*The input*:
=== Begin Enclosure ===
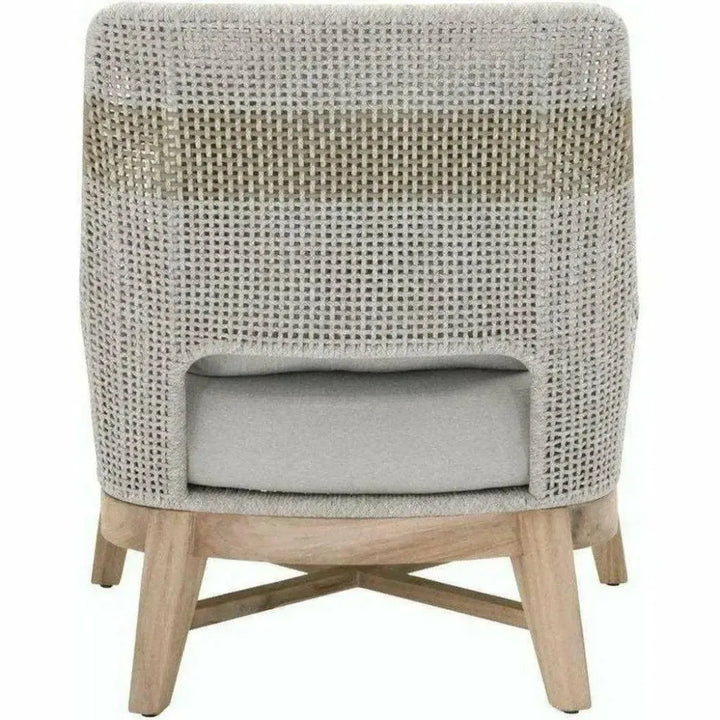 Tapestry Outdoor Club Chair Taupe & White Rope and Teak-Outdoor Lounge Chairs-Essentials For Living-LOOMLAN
=== End Enclosure ===
=== Begin Enclosure ===
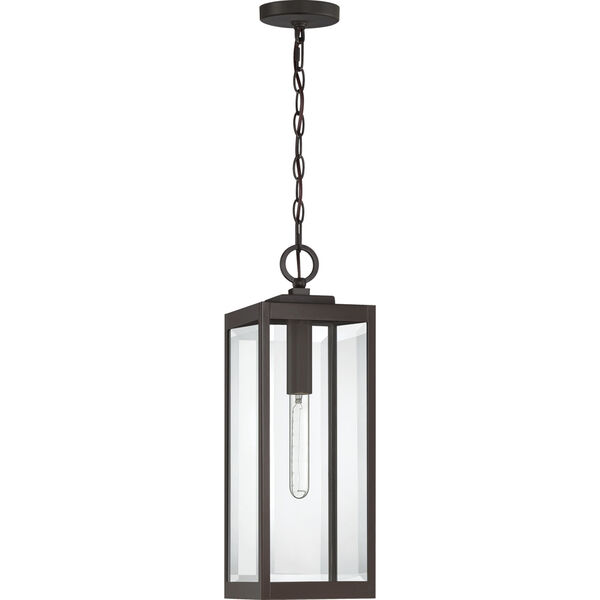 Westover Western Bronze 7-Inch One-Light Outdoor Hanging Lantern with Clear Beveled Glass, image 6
=== End Enclosure ===
=== Begin Enclosure ===
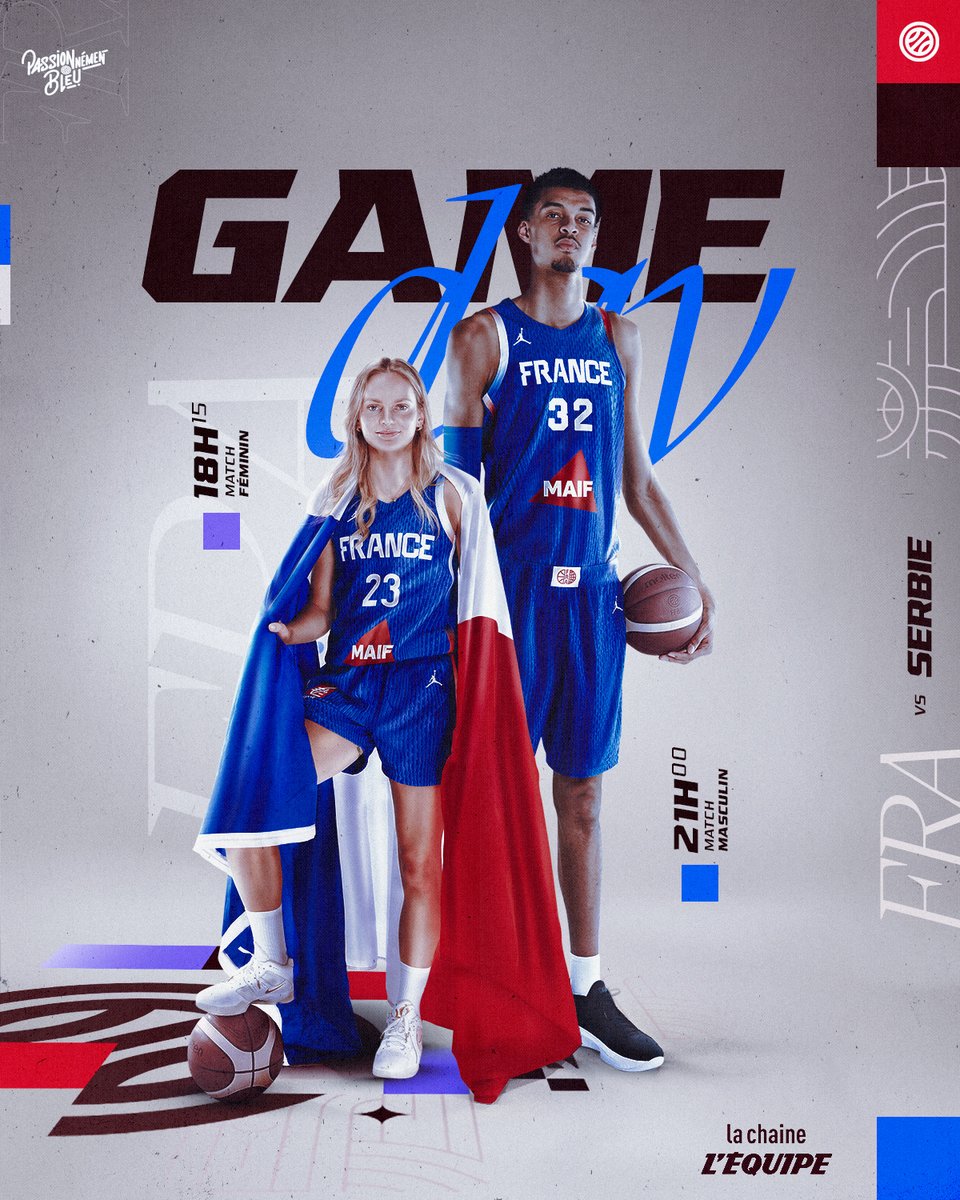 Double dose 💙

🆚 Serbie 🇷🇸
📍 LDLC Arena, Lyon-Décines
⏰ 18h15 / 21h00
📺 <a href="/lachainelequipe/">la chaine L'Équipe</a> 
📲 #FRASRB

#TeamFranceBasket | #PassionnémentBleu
=== End Enclosure ===
*Aim of the task*: Restate word for word the entries above from the line with "18h15 / 21h00" through the line with "#TeamFranceBasket | #PassionnémentBleu", inclusive, leaving out everything else.

*Your solution*:
⏰ 18h15 / 21h00
📺 <a href="/lachainelequipe/">la chaine L'Équipe</a> 
📲 #FRASRB

#TeamFranceBasket | #PassionnémentBleu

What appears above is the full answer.